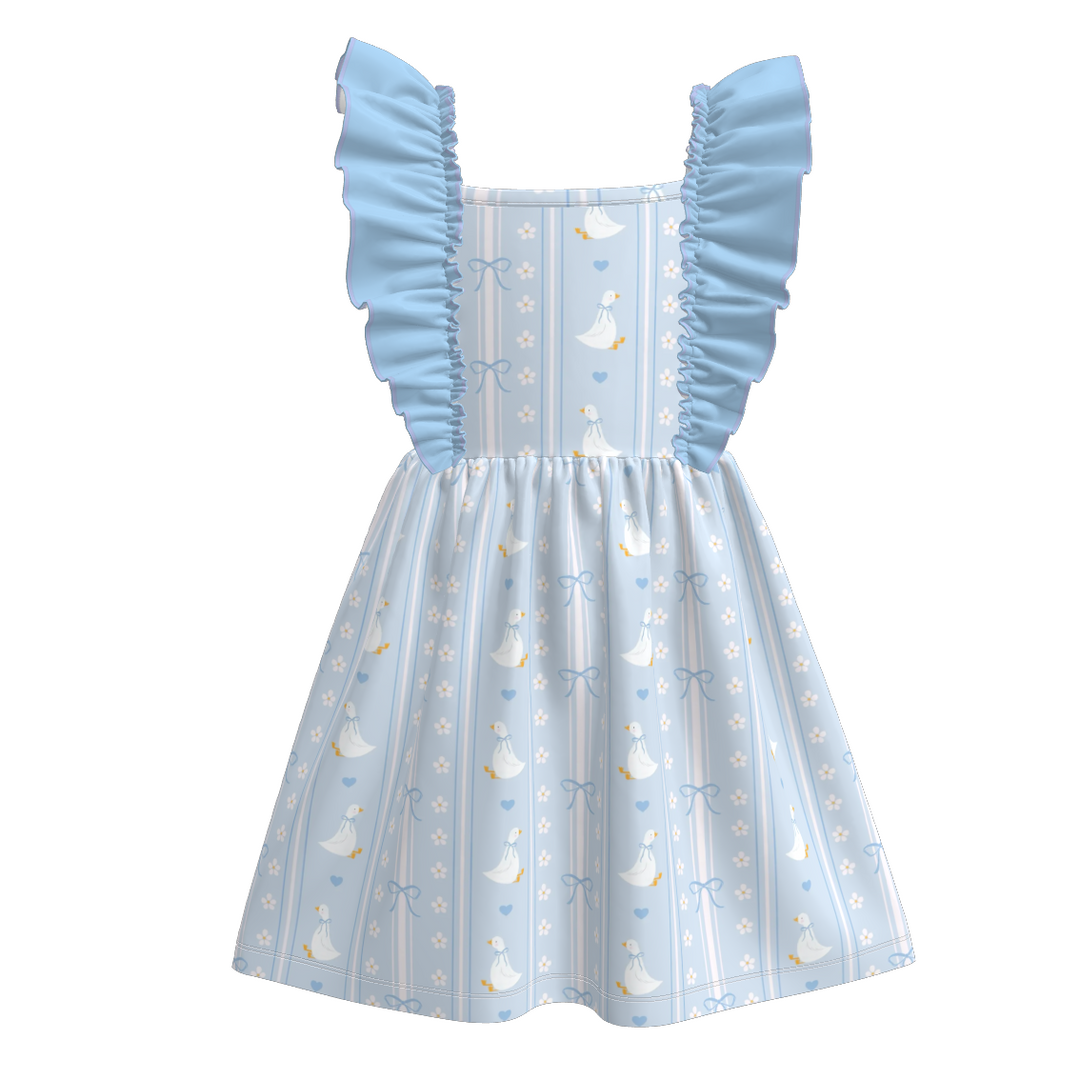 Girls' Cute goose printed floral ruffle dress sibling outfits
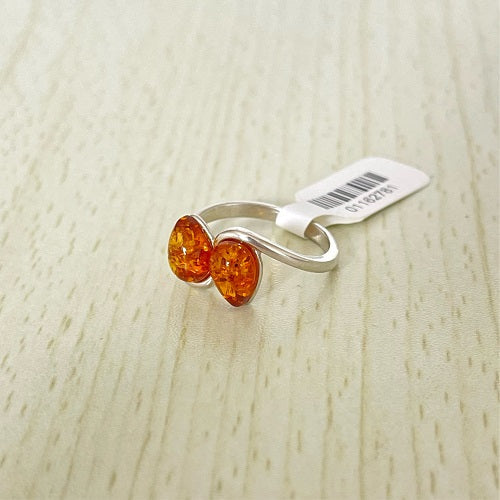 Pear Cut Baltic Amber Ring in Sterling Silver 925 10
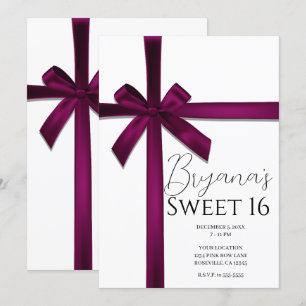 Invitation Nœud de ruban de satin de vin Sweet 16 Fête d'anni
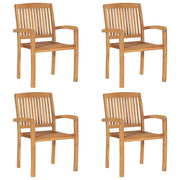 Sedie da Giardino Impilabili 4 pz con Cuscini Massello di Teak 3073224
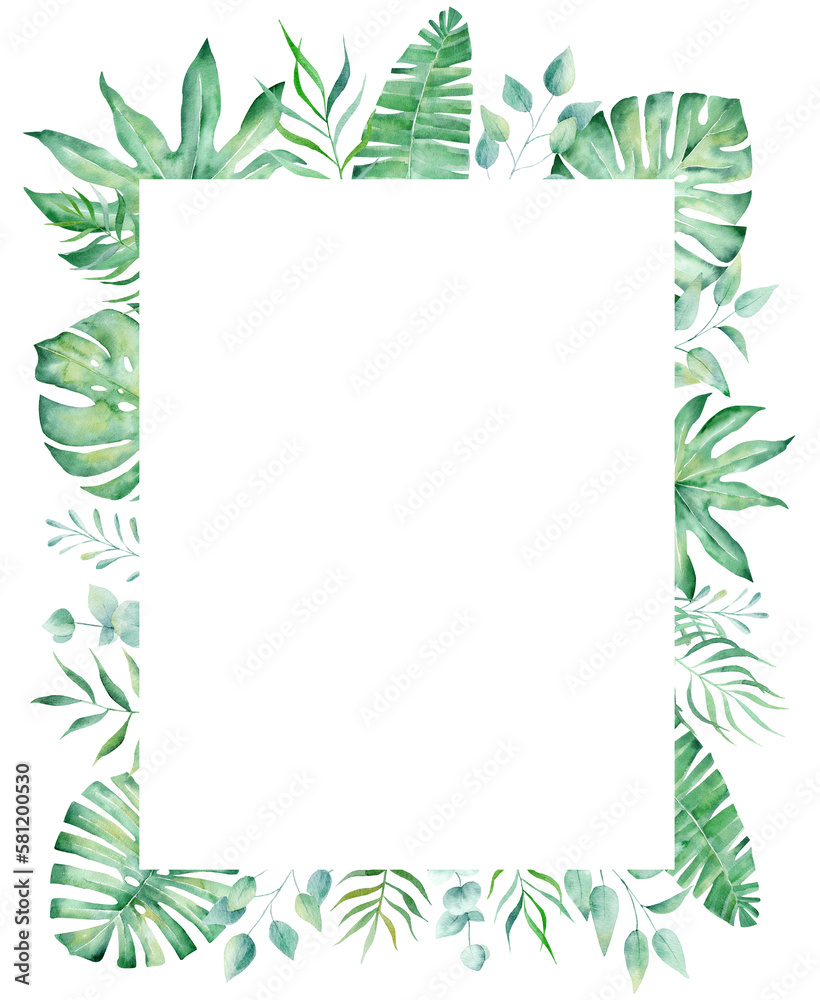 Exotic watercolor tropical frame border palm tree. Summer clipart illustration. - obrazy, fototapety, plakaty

- _Task_
Please print all the data above word for word. Pictures should not appear in the copy.

- _Reply_
 Girls' Cute goose printed floral ruffle dress sibling outfits
 Pear Cut Baltic Amber Ring in Sterling Silver 925 10
 Invitation Nœud de ruban de satin de vin Sweet 16 Fête d'anni
 Sedie da Giardino Impilabili 4 pz con Cuscini Massello di Teak 3073224
 Exotic watercolor tropical frame border palm tree. Summer clipart illustration. - obrazy, fototapety, plakaty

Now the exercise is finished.